The researchers found that a model based exclusively on a mechanism driven by the direct, endogenous effects of UVB was not enough to account for the rapid decay of SARS-CoV-2 on exposure to simulated sunlight. However, a model that considered indirect, exogenous inactivation by UVA improved agreement with the data currently available, irrespective of the experimental conditions.

Furthermore, the UVA sensitivities calculated for SARS-CoV-2 were similar to those established for SARS-CoV-1 and influenza once those viruses were exposed to UVA only.

The effects of UVA and UVB exposure need to be tested separately

The researchers say there is a need for targeted experiments that assess the effects of SARS-CoV-2 exposure to UVA and UVB separately and that future sunlight inactivation models may need to include the effect of UVA.

"If UVA sensitivity is confirmed, sunlight could mitigate outdoor transmission over a broader range of latitudes and daytimes than previously expected, since UVA is less strongly absorbed by atmospheric ozone than UVB," they write.

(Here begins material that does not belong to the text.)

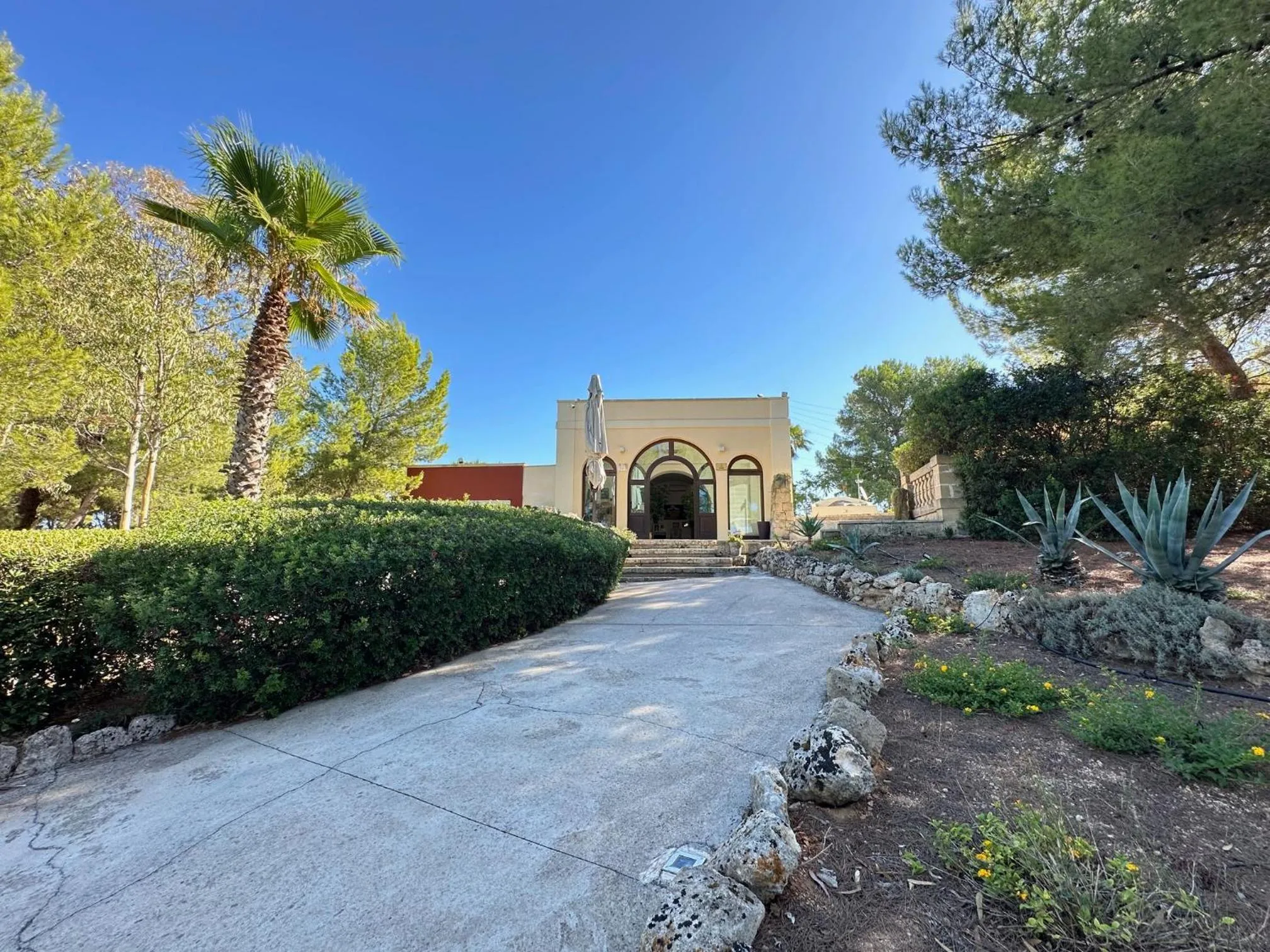 Property building in Agriturismo Il Trappeto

"Furthermore, inexpensive and energy-efficient UVA sources might be used to augment air filtration systems at relatively low risk for human health, especially in high-risk settings such as hospitals and public transportation," concludes the team.

*Important notice: bioRxiv publishes preliminary scientific reports that are not peer-reviewed and, therefore, should not be regarded as conclusive, guide clinical practice/health-related behavior, or treated as established information.